Supplied entries>
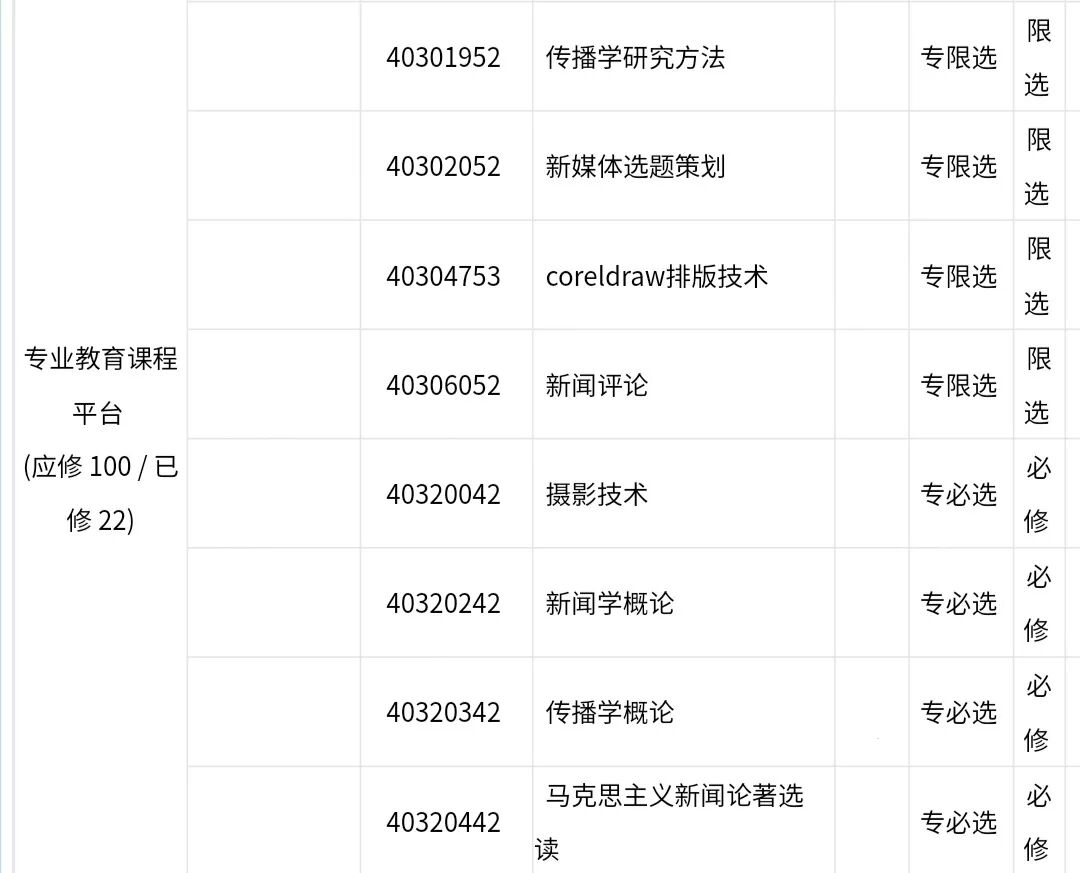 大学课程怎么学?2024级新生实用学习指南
--
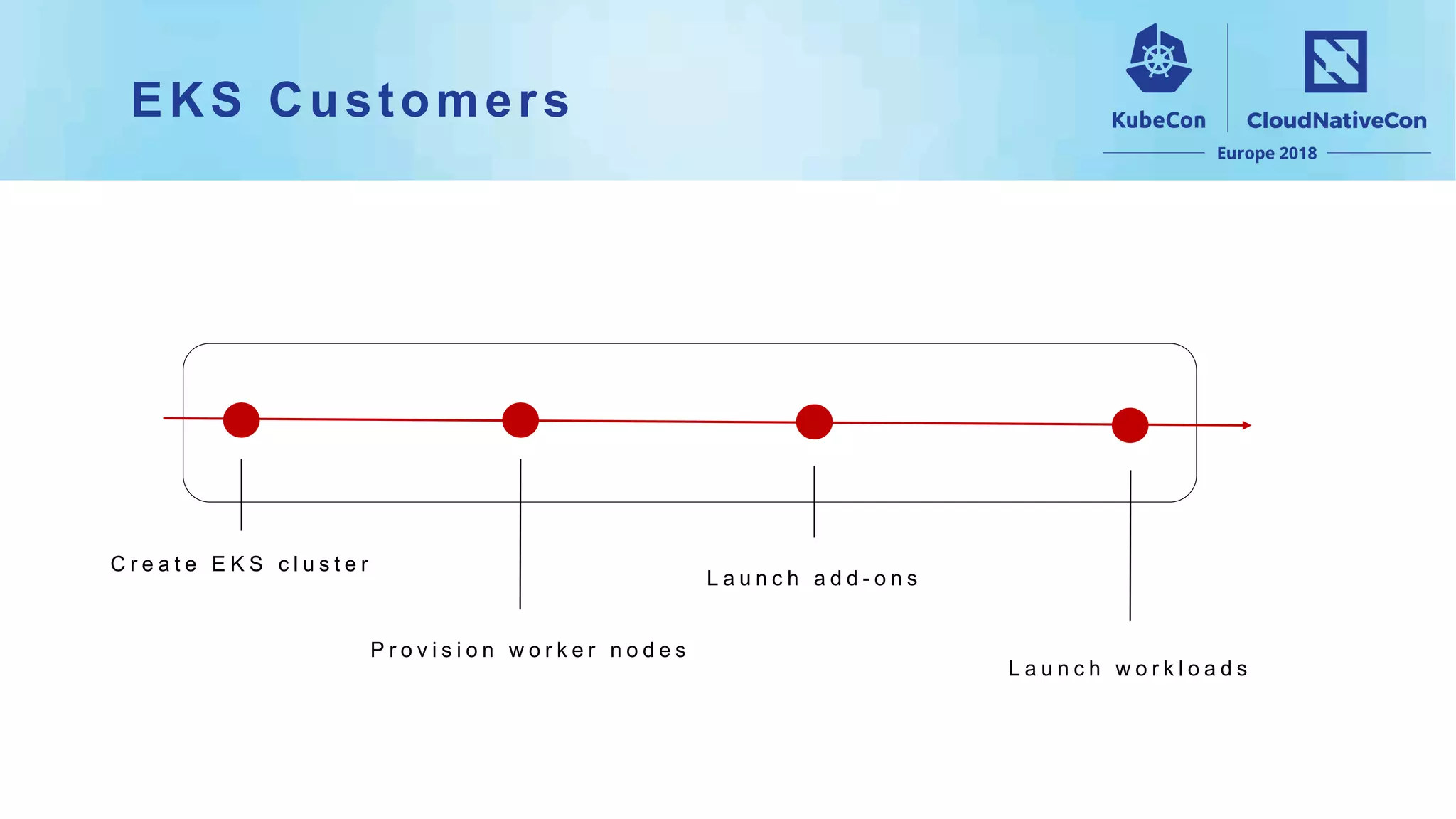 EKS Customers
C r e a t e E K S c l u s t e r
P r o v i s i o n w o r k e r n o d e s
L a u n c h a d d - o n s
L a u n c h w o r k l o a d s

Brief> Although pictures appear among the records above, write out exactly only the lines from the one that has "EKS Customers" through the one that has "L a u n c h w o r k l o a d s", and leave the pictures out.

Exercise solution>
 EKS Customers
C r e a t e E K S c l u s t e r
P r o v i s i o n w o r k e r n o d e s
L a u n c h a d d - o n s
L a u n c h w o r k l o a d s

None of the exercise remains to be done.